-------- Records to process
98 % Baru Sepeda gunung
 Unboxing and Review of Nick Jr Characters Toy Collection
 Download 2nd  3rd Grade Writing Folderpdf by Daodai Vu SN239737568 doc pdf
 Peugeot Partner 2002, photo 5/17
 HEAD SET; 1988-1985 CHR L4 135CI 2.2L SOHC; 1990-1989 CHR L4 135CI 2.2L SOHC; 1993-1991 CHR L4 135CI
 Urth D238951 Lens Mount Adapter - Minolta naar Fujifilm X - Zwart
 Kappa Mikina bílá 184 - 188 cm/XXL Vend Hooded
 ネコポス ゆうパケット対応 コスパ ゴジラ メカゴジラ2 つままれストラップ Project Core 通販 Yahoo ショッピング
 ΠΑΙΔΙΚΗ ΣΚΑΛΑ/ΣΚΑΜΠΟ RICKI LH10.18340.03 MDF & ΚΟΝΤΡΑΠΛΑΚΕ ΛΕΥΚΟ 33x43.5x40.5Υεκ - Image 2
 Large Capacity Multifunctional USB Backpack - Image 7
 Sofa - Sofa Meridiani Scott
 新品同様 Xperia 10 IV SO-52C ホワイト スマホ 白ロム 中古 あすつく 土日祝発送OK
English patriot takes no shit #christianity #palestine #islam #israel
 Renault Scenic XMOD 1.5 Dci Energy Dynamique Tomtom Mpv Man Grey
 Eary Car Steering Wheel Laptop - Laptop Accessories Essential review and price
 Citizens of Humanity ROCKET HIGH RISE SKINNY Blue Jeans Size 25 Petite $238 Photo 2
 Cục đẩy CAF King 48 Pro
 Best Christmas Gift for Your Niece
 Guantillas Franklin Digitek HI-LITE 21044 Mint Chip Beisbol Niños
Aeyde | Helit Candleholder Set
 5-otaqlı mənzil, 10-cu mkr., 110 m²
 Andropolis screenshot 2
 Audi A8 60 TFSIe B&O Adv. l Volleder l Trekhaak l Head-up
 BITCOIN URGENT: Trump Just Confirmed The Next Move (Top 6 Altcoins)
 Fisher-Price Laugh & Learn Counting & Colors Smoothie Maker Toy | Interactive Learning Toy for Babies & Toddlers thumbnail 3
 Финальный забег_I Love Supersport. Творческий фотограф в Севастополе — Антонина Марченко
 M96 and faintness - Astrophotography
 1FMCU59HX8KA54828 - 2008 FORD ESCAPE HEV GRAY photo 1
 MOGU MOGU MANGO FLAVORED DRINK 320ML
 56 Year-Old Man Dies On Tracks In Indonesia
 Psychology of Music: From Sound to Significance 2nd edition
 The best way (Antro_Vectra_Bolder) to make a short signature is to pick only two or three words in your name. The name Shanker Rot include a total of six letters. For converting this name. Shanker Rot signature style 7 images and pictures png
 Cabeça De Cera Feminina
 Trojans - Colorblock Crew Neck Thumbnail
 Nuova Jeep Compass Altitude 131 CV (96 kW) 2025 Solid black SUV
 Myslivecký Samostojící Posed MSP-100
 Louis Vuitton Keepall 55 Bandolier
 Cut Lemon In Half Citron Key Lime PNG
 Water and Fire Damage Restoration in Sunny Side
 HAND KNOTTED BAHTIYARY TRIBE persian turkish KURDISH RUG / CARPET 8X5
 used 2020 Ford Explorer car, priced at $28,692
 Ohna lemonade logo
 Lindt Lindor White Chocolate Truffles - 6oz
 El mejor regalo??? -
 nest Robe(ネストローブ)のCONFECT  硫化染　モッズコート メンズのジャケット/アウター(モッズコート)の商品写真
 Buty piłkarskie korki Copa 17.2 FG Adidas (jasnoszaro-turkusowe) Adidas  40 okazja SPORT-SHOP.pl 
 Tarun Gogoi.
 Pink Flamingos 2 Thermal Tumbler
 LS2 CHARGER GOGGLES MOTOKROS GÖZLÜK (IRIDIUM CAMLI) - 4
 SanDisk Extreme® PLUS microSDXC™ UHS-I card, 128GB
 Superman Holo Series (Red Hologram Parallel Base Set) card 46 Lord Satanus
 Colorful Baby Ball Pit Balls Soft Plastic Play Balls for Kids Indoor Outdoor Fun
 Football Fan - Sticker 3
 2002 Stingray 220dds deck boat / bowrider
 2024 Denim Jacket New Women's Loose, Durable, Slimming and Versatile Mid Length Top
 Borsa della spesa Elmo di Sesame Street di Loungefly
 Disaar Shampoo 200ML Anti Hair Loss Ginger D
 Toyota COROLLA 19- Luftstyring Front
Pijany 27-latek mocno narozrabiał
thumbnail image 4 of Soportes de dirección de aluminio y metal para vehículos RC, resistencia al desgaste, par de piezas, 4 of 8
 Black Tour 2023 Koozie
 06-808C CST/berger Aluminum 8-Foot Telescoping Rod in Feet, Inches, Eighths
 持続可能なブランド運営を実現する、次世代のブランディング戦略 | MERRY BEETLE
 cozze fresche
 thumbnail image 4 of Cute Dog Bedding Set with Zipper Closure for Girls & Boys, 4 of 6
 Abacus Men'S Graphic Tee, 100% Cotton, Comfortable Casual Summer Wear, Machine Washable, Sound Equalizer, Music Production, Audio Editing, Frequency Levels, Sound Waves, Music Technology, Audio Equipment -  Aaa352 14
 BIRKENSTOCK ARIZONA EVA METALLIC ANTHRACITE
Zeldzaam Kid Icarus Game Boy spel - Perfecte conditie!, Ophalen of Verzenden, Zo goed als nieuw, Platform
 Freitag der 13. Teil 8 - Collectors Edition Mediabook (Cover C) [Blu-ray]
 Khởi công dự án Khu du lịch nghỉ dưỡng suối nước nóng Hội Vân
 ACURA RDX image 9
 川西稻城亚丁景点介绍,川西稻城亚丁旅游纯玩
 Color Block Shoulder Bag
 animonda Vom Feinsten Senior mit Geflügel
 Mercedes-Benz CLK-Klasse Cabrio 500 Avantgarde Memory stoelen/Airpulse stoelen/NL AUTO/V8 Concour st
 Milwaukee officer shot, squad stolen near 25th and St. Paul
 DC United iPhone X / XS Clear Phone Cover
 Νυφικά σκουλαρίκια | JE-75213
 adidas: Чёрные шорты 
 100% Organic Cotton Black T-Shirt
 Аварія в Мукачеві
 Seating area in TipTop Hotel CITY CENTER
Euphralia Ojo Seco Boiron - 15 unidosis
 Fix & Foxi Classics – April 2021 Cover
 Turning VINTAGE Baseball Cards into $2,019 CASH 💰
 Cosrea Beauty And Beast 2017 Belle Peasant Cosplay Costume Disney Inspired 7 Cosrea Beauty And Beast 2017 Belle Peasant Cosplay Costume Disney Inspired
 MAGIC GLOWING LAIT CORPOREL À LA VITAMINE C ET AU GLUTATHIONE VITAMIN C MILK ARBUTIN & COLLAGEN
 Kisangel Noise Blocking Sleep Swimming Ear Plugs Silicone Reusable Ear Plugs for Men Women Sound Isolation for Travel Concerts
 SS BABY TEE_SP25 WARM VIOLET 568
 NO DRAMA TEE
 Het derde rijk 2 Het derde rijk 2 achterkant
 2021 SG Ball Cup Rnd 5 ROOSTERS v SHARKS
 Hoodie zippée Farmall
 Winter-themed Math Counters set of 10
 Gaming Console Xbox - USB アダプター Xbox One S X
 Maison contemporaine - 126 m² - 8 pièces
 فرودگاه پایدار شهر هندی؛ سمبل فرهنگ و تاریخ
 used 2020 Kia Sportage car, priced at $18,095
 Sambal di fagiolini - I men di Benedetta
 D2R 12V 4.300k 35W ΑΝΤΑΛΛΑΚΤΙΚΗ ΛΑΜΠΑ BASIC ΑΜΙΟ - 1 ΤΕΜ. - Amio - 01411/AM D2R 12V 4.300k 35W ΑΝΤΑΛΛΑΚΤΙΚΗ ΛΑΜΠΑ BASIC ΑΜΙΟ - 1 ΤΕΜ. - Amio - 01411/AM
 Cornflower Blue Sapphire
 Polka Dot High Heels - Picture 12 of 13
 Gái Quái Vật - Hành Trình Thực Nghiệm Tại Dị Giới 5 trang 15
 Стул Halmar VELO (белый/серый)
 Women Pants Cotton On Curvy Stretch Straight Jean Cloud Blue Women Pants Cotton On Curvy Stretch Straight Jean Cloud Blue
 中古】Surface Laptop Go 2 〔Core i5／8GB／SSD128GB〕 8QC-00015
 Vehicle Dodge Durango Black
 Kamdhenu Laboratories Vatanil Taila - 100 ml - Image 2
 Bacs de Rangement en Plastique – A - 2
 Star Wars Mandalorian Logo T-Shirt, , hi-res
----------------
**Exercise description:**
Set down, exactly as they appear above, all lines from the one that has "El mejor regalo???" down to the one that has "Zeldzaam Kid Icarus", including those two and no others.

**Result of this task:**
 El mejor regalo??? -
 nest Robe(ネストローブ)のCONFECT  硫化染　モッズコート メンズのジャケット/アウター(モッズコート)の商品写真
 Buty piłkarskie korki Copa 17.2 FG Adidas (jasnoszaro-turkusowe) Adidas  40 okazja SPORT-SHOP.pl 
 Tarun Gogoi.
 Pink Flamingos 2 Thermal Tumbler
 LS2 CHARGER GOGGLES MOTOKROS GÖZLÜK (IRIDIUM CAMLI) - 4
 SanDisk Extreme® PLUS microSDXC™ UHS-I card, 128GB
 Superman Holo Series (Red Hologram Parallel Base Set) card 46 Lord Satanus
 Colorful Baby Ball Pit Balls Soft Plastic Play Balls for Kids Indoor Outdoor Fun
 Football Fan - Sticker 3
 2002 Stingray 220dds deck boat / bowrider
 2024 Denim Jacket New Women's Loose, Durable, Slimming and Versatile Mid Length Top
 Borsa della spesa Elmo di Sesame Street di Loungefly
 Disaar Shampoo 200ML Anti Hair Loss Ginger D
 Toyota COROLLA 19- Luftstyring Front
Pijany 27-latek mocno narozrabiał
thumbnail image 4 of Soportes de dirección de aluminio y metal para vehículos RC, resistencia al desgaste, par de piezas, 4 of 8
 Black Tour 2023 Koozie
 06-808C CST/berger Aluminum 8-Foot Telescoping Rod in Feet, Inches, Eighths
 持続可能なブランド運営を実現する、次世代のブランディング戦略 | MERRY BEETLE
 cozze fresche
 thumbnail image 4 of Cute Dog Bedding Set with Zipper Closure for Girls & Boys, 4 of 6
 Abacus Men'S Graphic Tee, 100% Cotton, Comfortable Casual Summer Wear, Machine Washable, Sound Equalizer, Music Production, Audio Editing, Frequency Levels, Sound Waves, Music Technology, Audio Equipment -  Aaa352 14
 BIRKENSTOCK ARIZONA EVA METALLIC ANTHRACITE
Zeldzaam Kid Icarus Game Boy spel - Perfecte conditie!, Ophalen of Verzenden, Zo goed als nieuw, Platform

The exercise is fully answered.